___ Entries shown ___

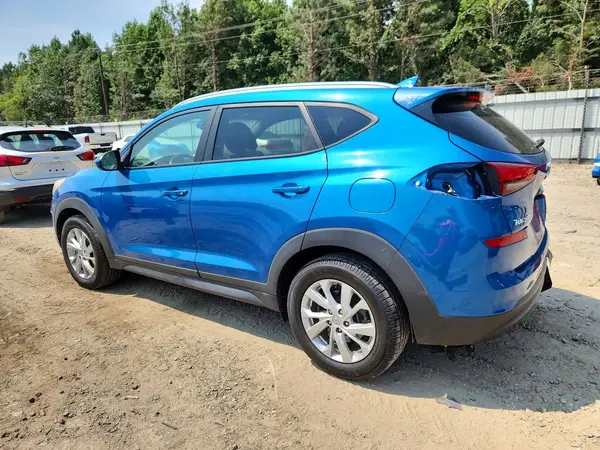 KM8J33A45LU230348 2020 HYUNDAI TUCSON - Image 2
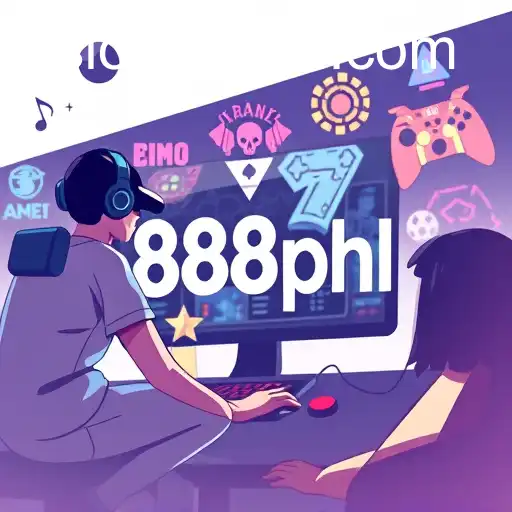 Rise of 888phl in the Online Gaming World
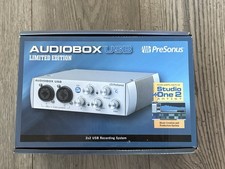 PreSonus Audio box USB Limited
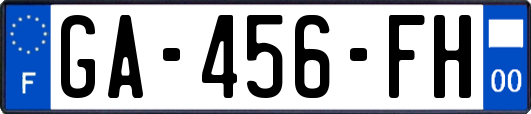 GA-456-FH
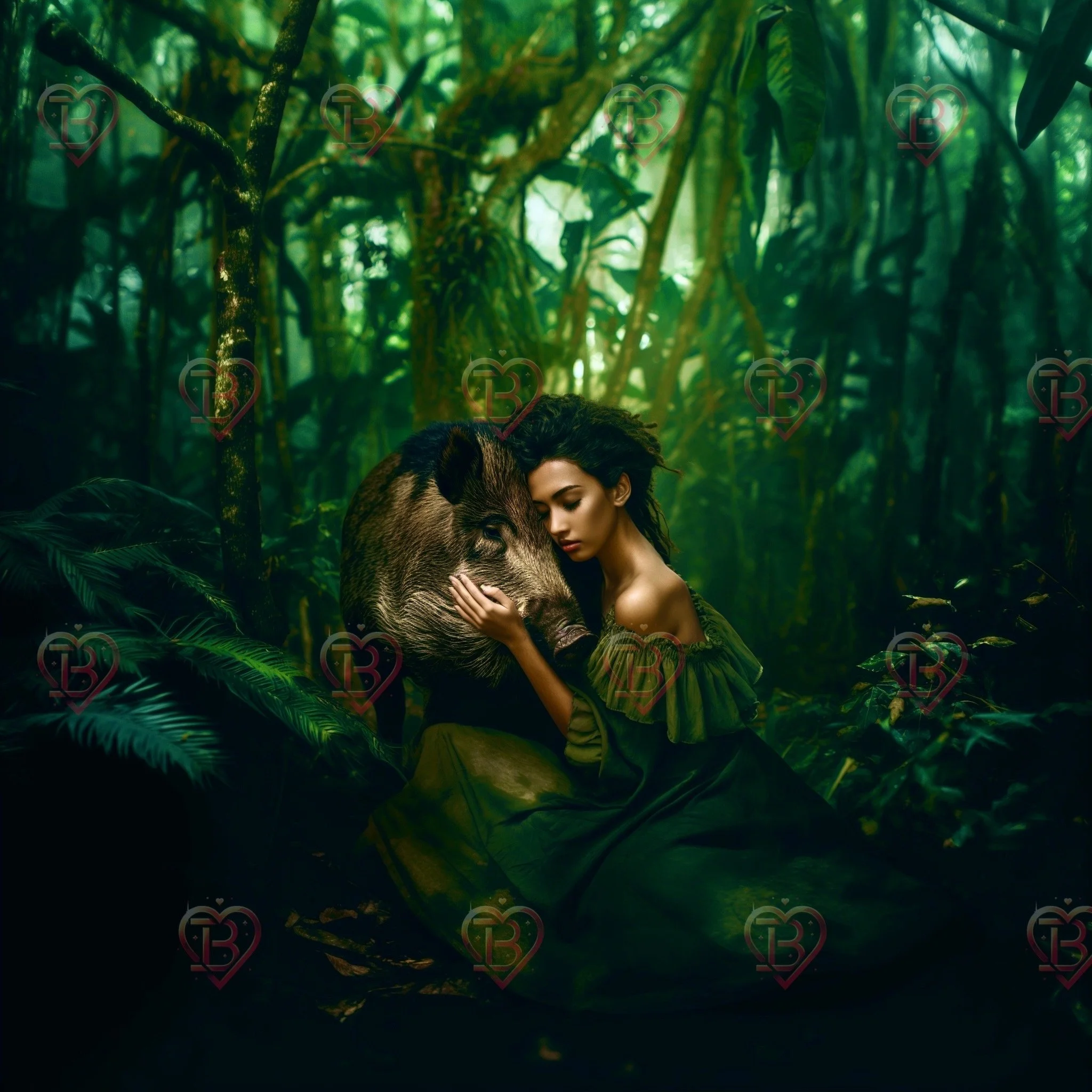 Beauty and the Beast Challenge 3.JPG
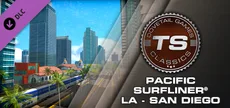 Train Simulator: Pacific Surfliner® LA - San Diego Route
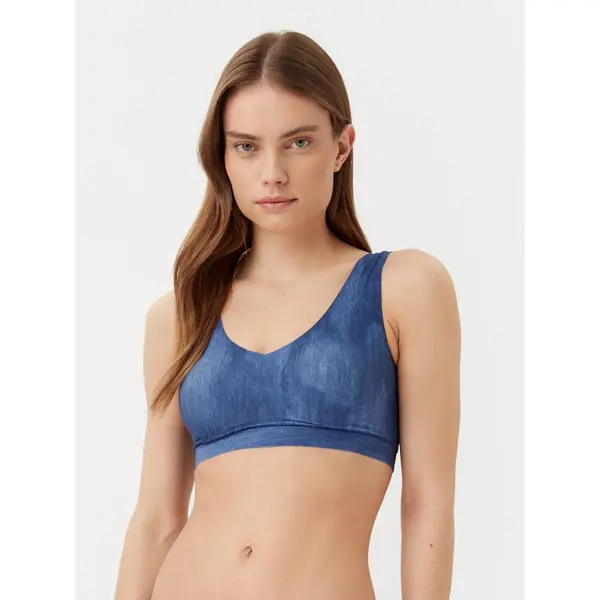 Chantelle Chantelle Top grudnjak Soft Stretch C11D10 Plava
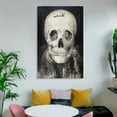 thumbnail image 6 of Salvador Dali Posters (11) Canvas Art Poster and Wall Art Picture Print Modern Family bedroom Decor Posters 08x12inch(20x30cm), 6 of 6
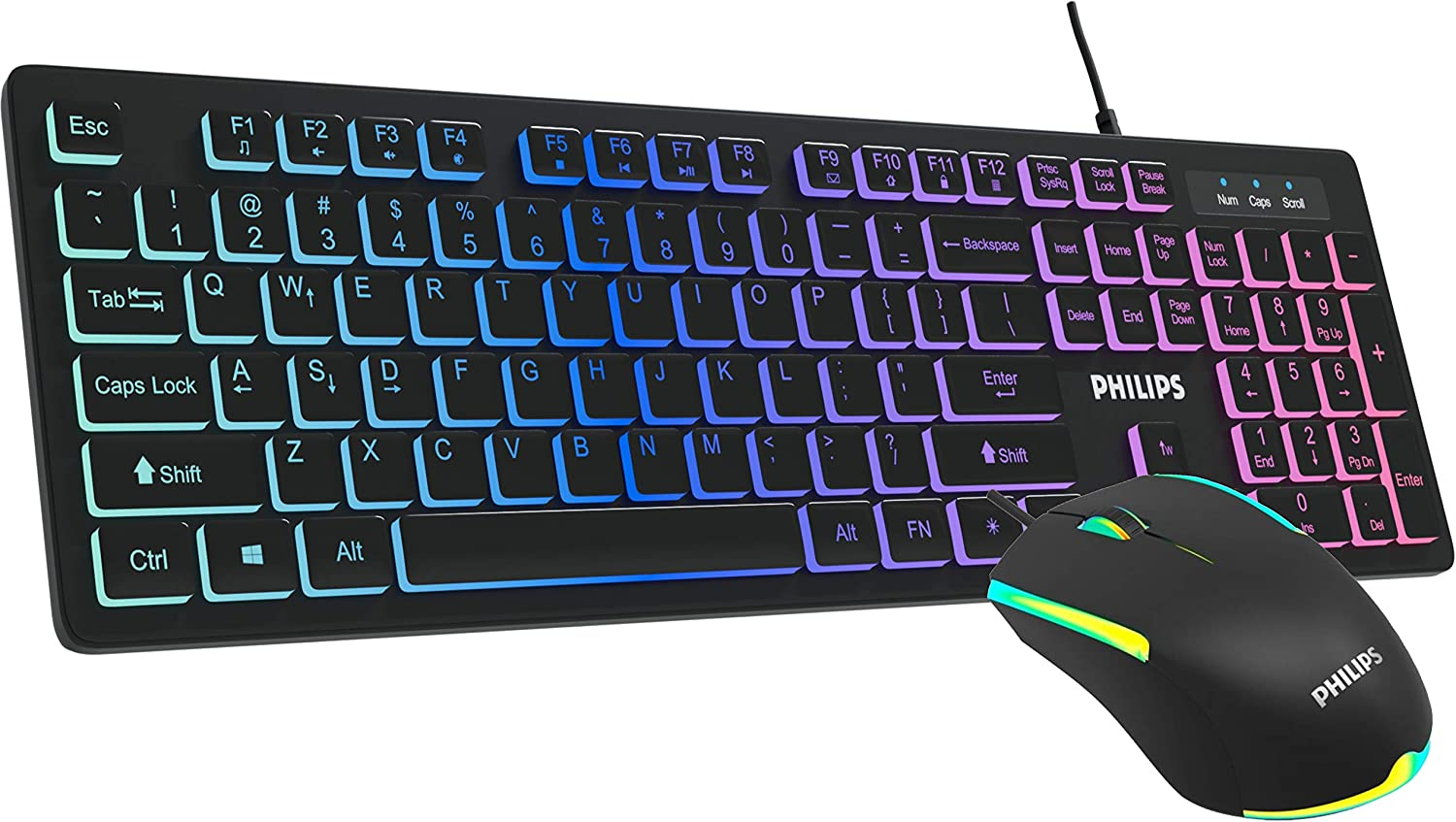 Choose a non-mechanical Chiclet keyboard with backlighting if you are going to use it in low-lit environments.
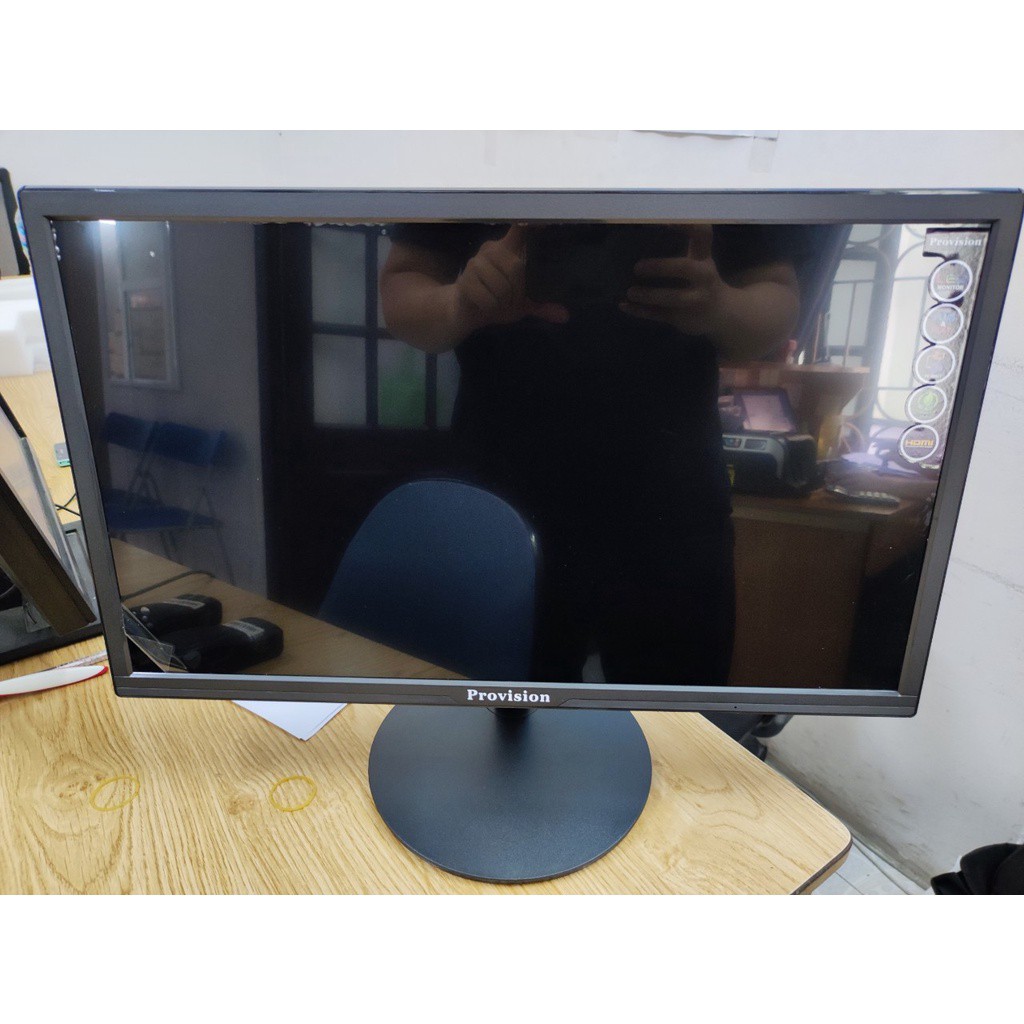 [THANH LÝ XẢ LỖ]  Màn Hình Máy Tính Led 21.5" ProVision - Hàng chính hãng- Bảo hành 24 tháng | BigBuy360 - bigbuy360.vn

___
___ Entries shown ___

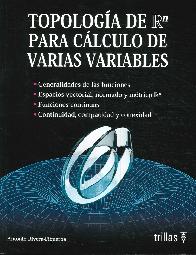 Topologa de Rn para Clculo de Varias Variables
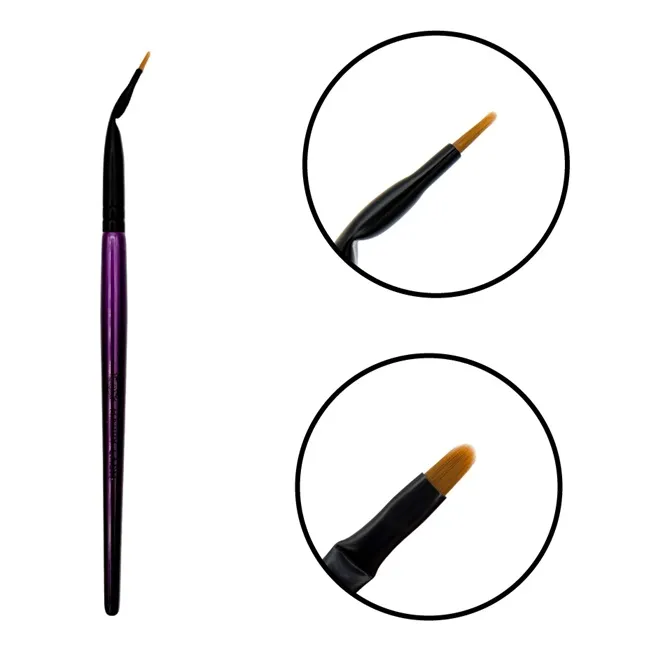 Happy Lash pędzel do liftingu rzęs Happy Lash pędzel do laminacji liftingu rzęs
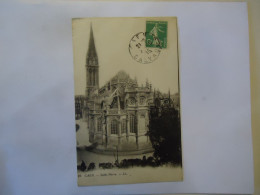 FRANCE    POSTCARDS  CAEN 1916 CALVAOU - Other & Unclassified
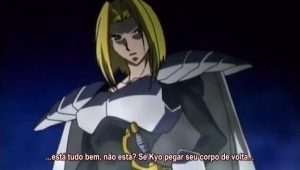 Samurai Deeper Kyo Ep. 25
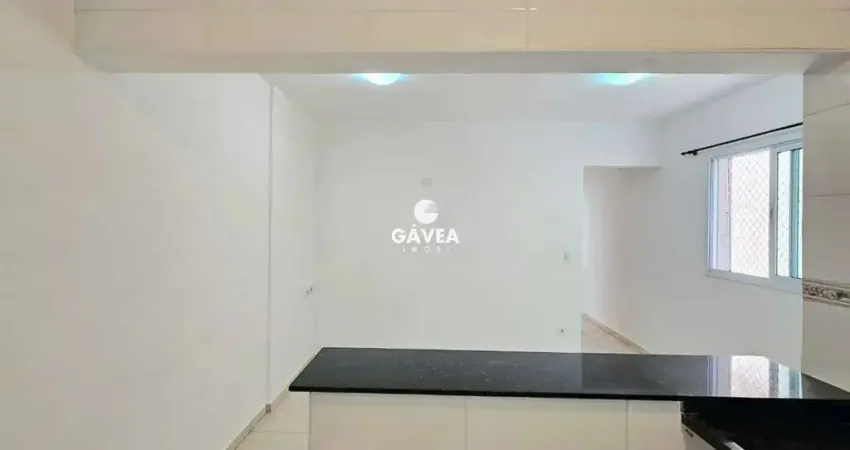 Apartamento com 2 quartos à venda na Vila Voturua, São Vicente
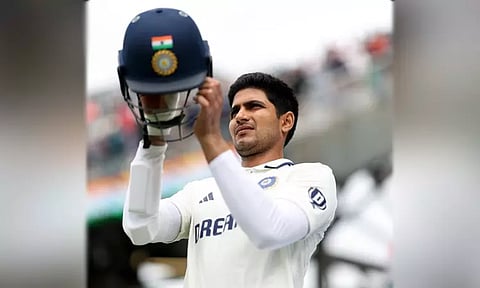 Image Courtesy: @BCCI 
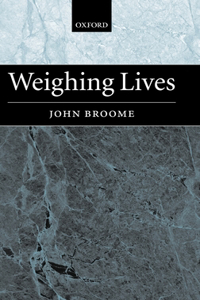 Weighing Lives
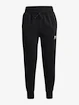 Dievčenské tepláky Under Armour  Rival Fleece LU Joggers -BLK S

___

Problem requirements
Above are some entries; copy exactly the lines from the line with "Chantelle Chantelle Top" through the line with "[THANH LÝ XẢ", both included, but none of the pictures.

Reply to the task
 Chantelle Chantelle Top grudnjak Soft Stretch C11D10 Plava
 thumbnail image 6 of Salvador Dali Posters (11) Canvas Art Poster and Wall Art Picture Print Modern Family bedroom Decor Posters 08x12inch(20x30cm), 6 of 6
 Choose a non-mechanical Chiclet keyboard with backlighting if you are going to use it in low-lit environments.
 [THANH LÝ XẢ LỖ]  Màn Hình Máy Tính Led 21.5" ProVision - Hàng chính hãng- Bảo hành 24 tháng | BigBuy360 - bigbuy360.vn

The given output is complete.